◆ Description of the task:
Leave out all images and set down the records exactly as given.

[Records excerpted from a collection]
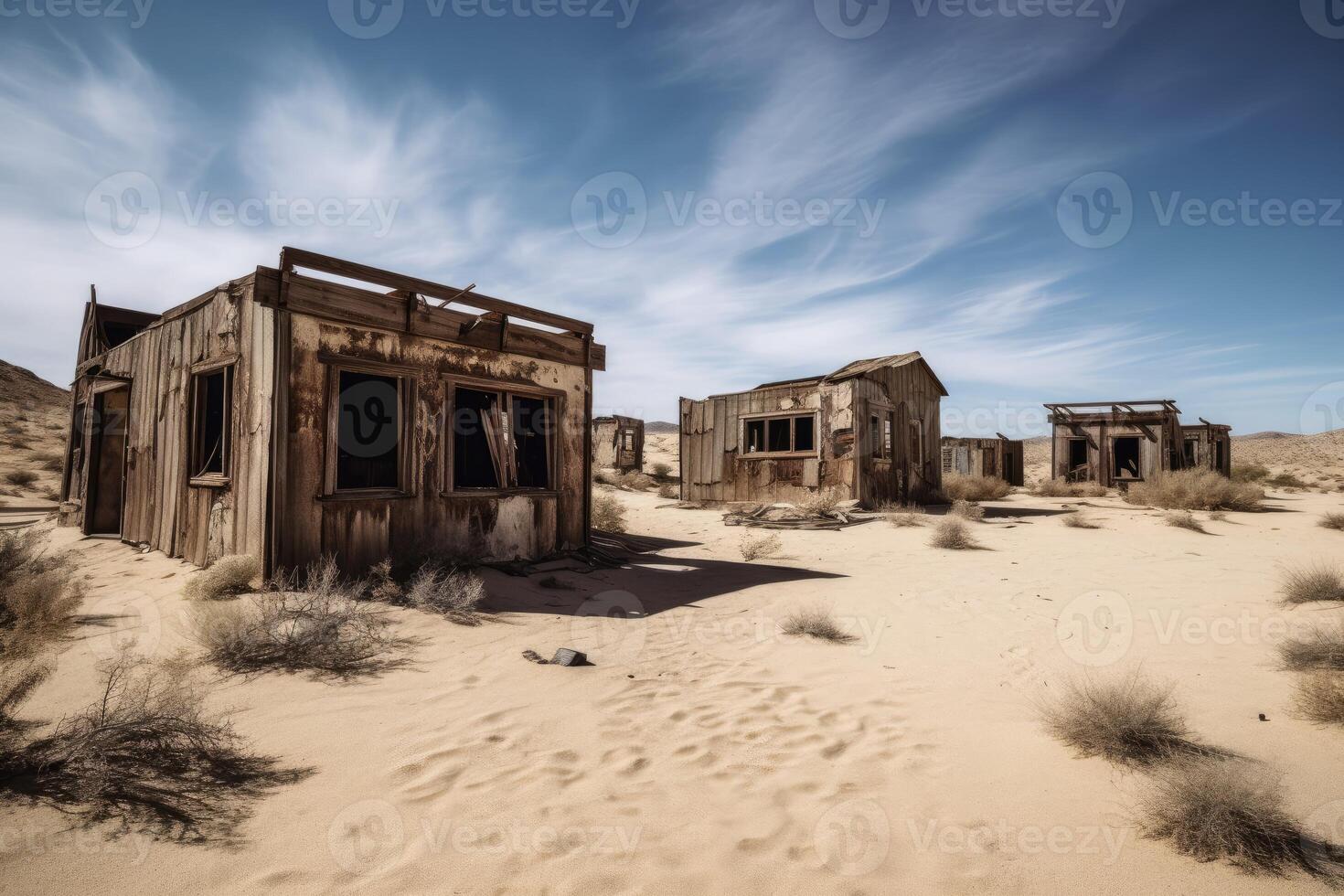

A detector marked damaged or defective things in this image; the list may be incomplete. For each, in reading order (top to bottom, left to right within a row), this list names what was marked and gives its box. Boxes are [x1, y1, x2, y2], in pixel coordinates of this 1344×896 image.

rusty stained wall [64, 276, 273, 564]
broken window [190, 365, 232, 483]
broken window [335, 370, 398, 491]
rusty stained wall [281, 311, 591, 571]
broken window [451, 387, 556, 491]
rusty stained wall [677, 379, 854, 505]
broken window [1107, 435, 1139, 480]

◆ Task answer:
A detector marked damaged or defective things in this image; the list may be incomplete. For each, in reading order (top to bottom, left to right within a row), this list names what was marked and gives its box. Boxes are [x1, y1, x2, y2], in pixel coordinates of this 1344×896 image.

rusty stained wall [64, 276, 273, 564]
broken window [190, 365, 232, 483]
broken window [335, 370, 398, 491]
rusty stained wall [281, 311, 591, 571]
broken window [451, 387, 556, 491]
rusty stained wall [677, 379, 854, 505]
broken window [1107, 435, 1139, 480]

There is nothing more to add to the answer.